Problem |
Take the lines below from the one with "Zestawy naczyń dla" through the one with "Nike Alpha Huarache" and retype them exactly. Include nothing else, and no pictures.

Data |
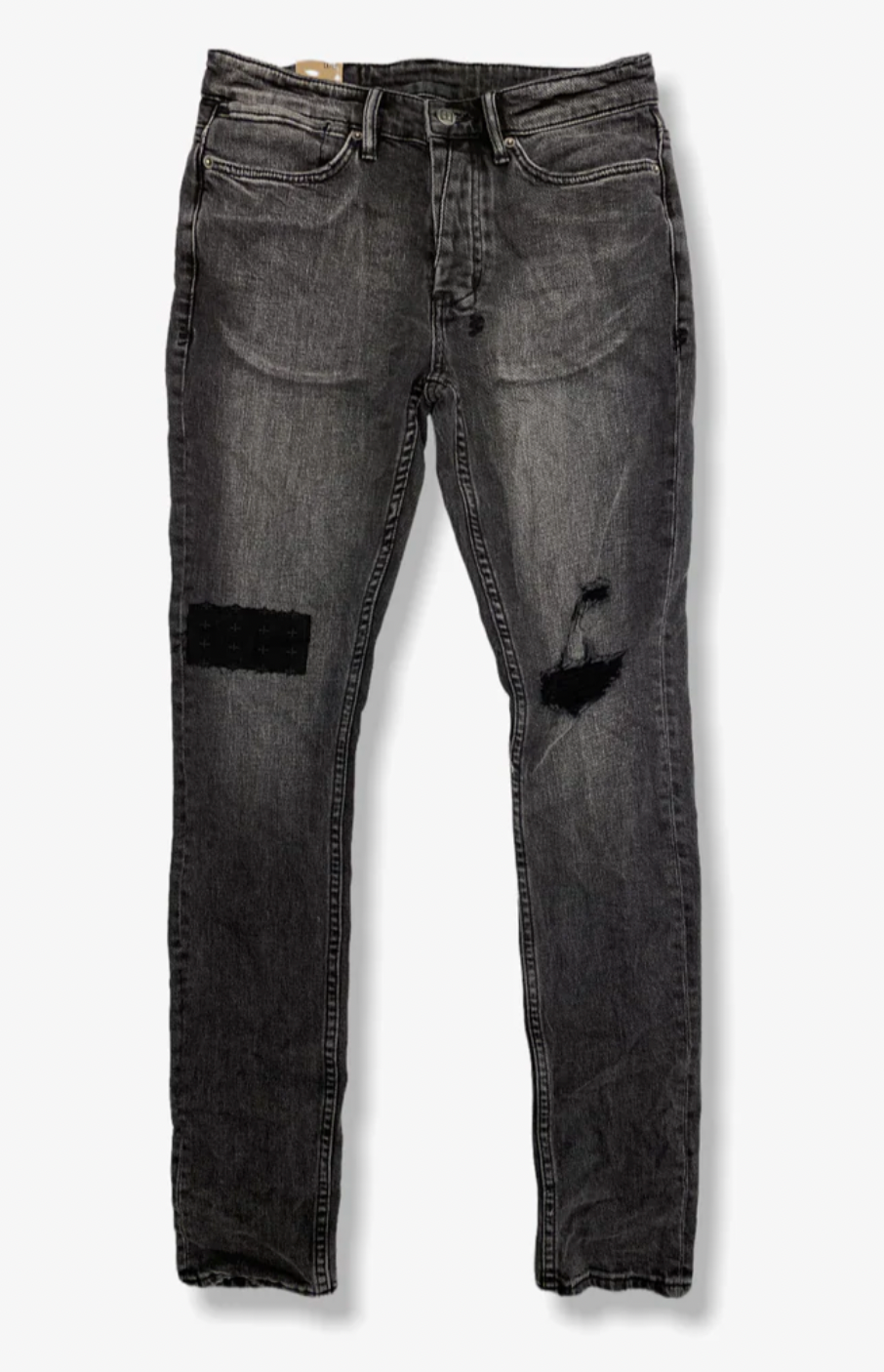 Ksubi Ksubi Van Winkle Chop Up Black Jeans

...

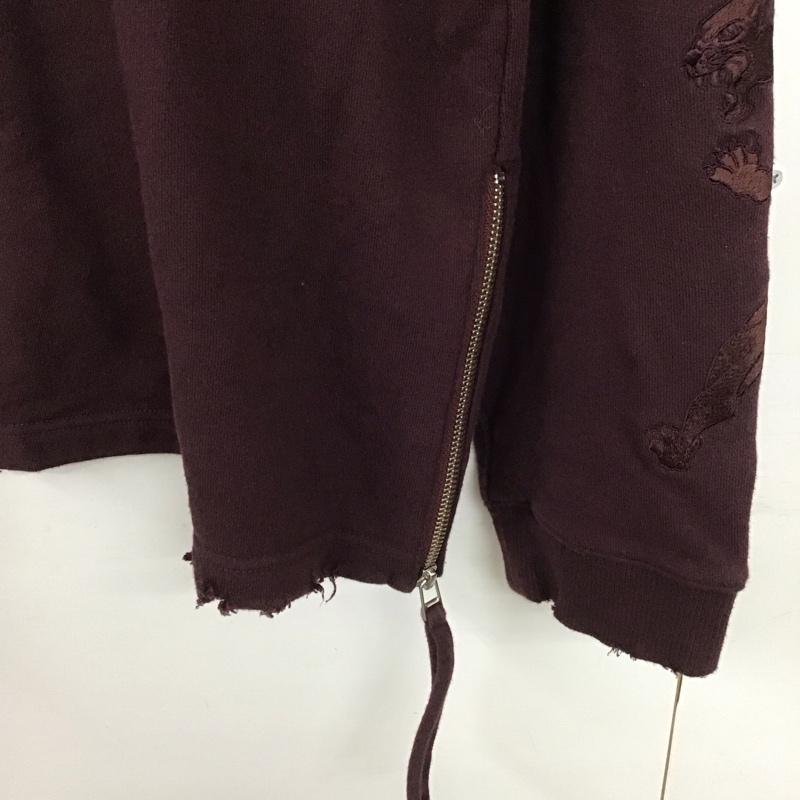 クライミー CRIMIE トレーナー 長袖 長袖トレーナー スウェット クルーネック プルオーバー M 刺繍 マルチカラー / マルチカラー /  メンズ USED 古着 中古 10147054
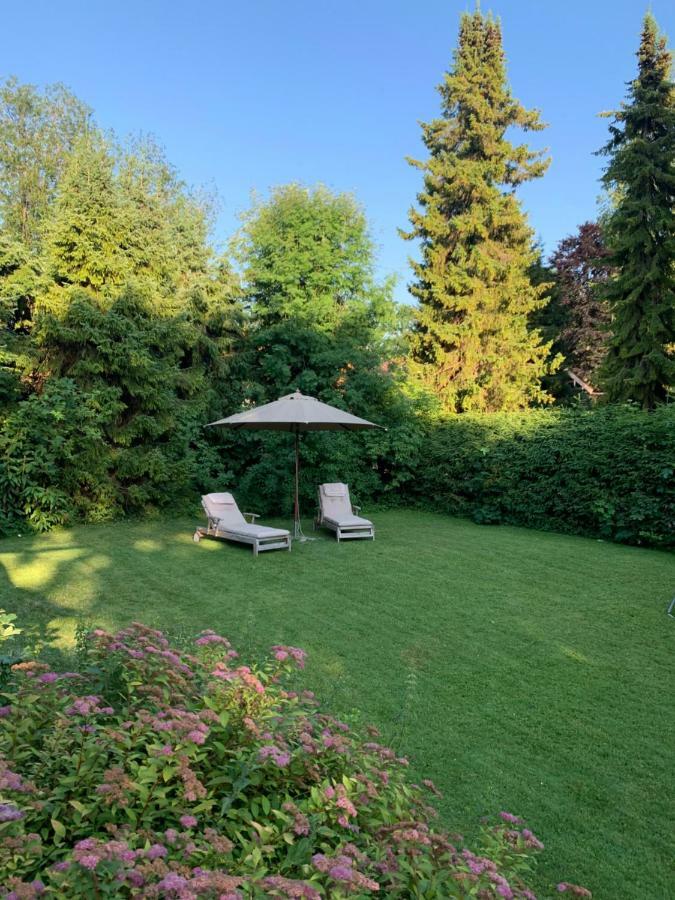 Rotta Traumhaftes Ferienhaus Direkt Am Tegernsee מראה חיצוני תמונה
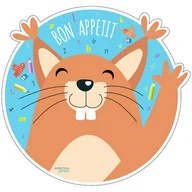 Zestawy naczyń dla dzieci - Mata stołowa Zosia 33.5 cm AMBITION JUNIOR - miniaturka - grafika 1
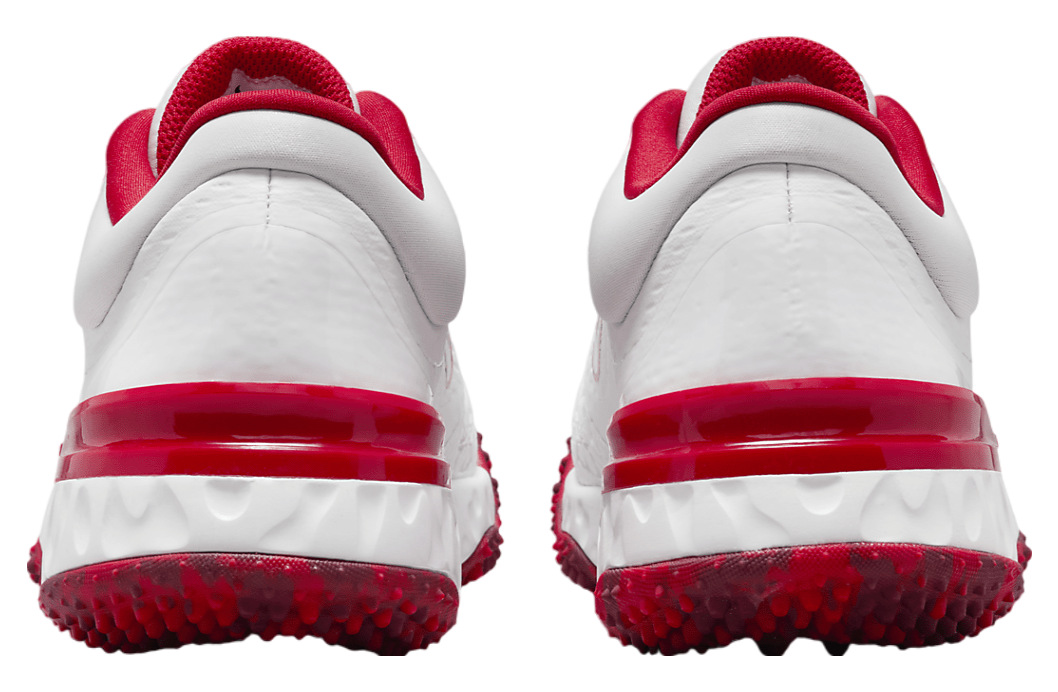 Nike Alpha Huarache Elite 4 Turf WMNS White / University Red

* * *

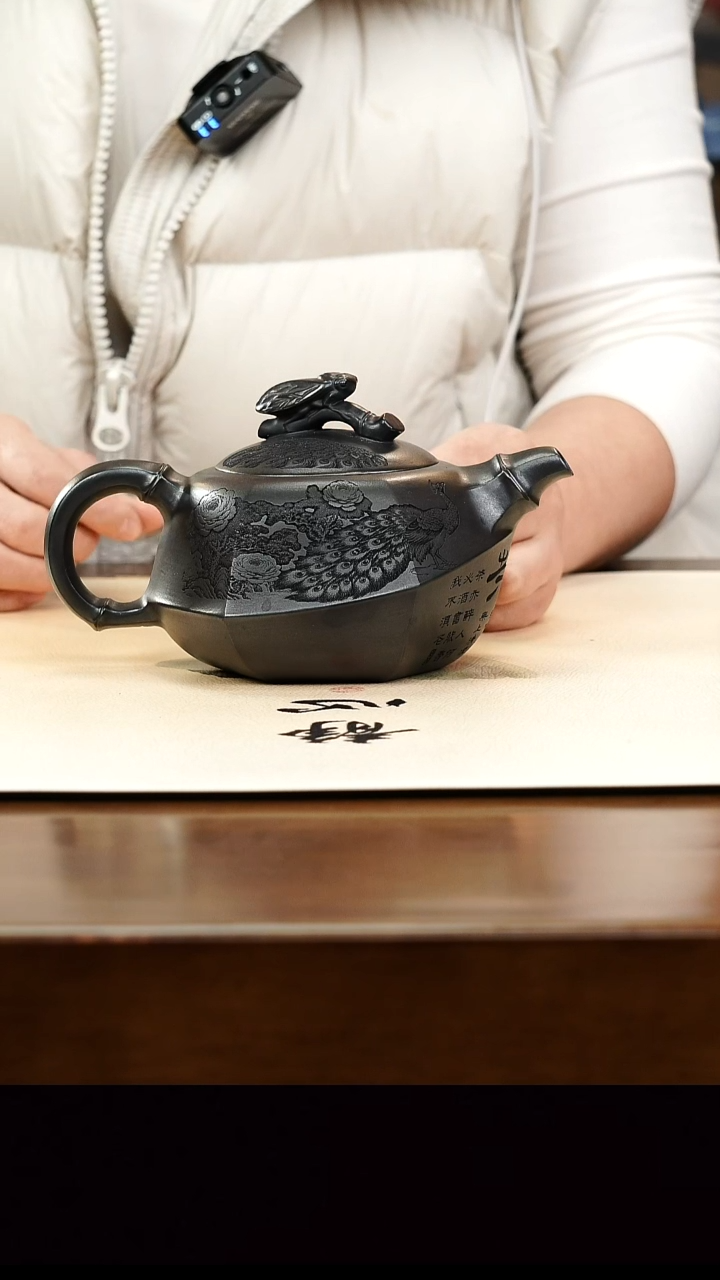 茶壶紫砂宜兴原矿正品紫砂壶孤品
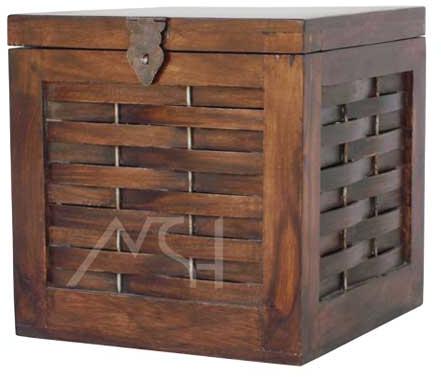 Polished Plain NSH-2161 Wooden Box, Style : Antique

Solution to this task |
 Zestawy naczyń dla dzieci - Mata stołowa Zosia 33.5 cm AMBITION JUNIOR - miniaturka - grafika 1
 Nike Alpha Huarache Elite 4 Turf WMNS White / University Red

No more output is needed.